Friday, November 19, 2010

May We Hope for All Men to Be Saved?

The question of "soteriological exclusivism" has haunted Christianity from the beginning. Is the covenant with Israel exclusive to Jews, open to Gentiles, or in fact supplanted by a "new" covenant in Christ? From at least Origen onwards--and most notoriously in the case of his theory of ἀποκατάστᾰσις--Christians have been sharply divided in trying to answer the question of whether it is possible to think that ultimately all may be saved. What is the relationship between the universal nature of Christ's redeeming sacrifice, and his particular "scandalous" incarnation as a first-century Jew? As we saw only few weeks ago in the course of the Roman synod of bishops on the Middle East, the question of the place of the Jews in the economy of salvation still occurs. Can one differentiate between hoping that all may be saved, on the one hand, and recognizing, on the other, that salvation is not automatic, and that those whose lives give little to no sign of repentance, who reject communion with God and His Church, severely--perhaps fatally--imperil precisely that hope of everlasting life?

These questions are given fresh examination in a new publication from Cascade books:

Gregory MacDonald, All Shall Be Well: Explorations in Universal Salvation and Christian Theology from Origen to Moltmann (2010), xii+439pp.

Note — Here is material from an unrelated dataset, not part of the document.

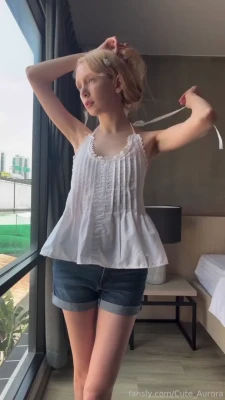 cute_aurora - POV we're in discord and I want attention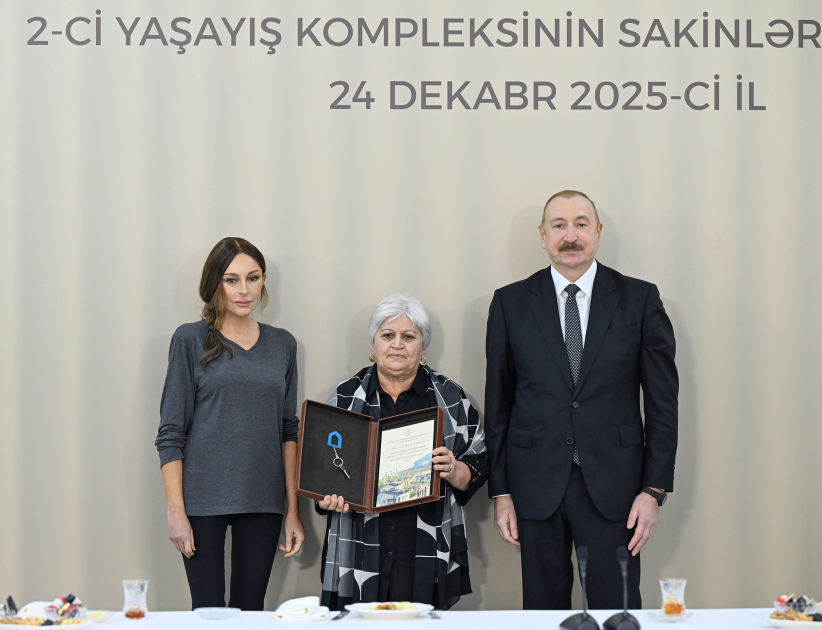 Prezident İlham Əliyev və Birinci xanım Mehriban Əliyeva Ağdamda 2-ci yaşayış kompleksinin açılışında iştirak edib və sakinlərlə görüşüblər (FOTO/VİDEO) (YENİLƏNİB-3)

This is a very "ecumenical" collection, with several articles on Eastern Christian figures. The complete list is as follows:
  • Origen (Tom Greggs)
  • Gregory of Nyssa (Steve Harmon)
  • Julian of Norwich (Robert Sweetman)
  • The Cambridge Platonists (Louise Hickman)
  • James Relly (Wayne K. Clymer)
  • Elhanan Winchester (Robin Parry)
  • Friedrich Schleiermacher (Murray Rae)
  • Thomas Erskine (Don Horrocks)
  • George MacDonald (Thomas Talbott)
  • P. T. Forsyth (Jason Goroncy)
  • Sergius Bulgakov (Paul Gavrilyuk)
  • Karl Barth (Oliver Crisp)
  • Jaques Ellul (Andrew Goddard)
  • J. A. T. Robinson (Trevor Hart)
  • Hans Urs von Balthasar (Edward T. Oakes, SJ)
  • John Hick (Lindsay Hall)
  • Jürgen Moltmann (Nik Ansell)
Look for this to be reviewed here and in Logos: A Journal of Eastern Christian Studies next year.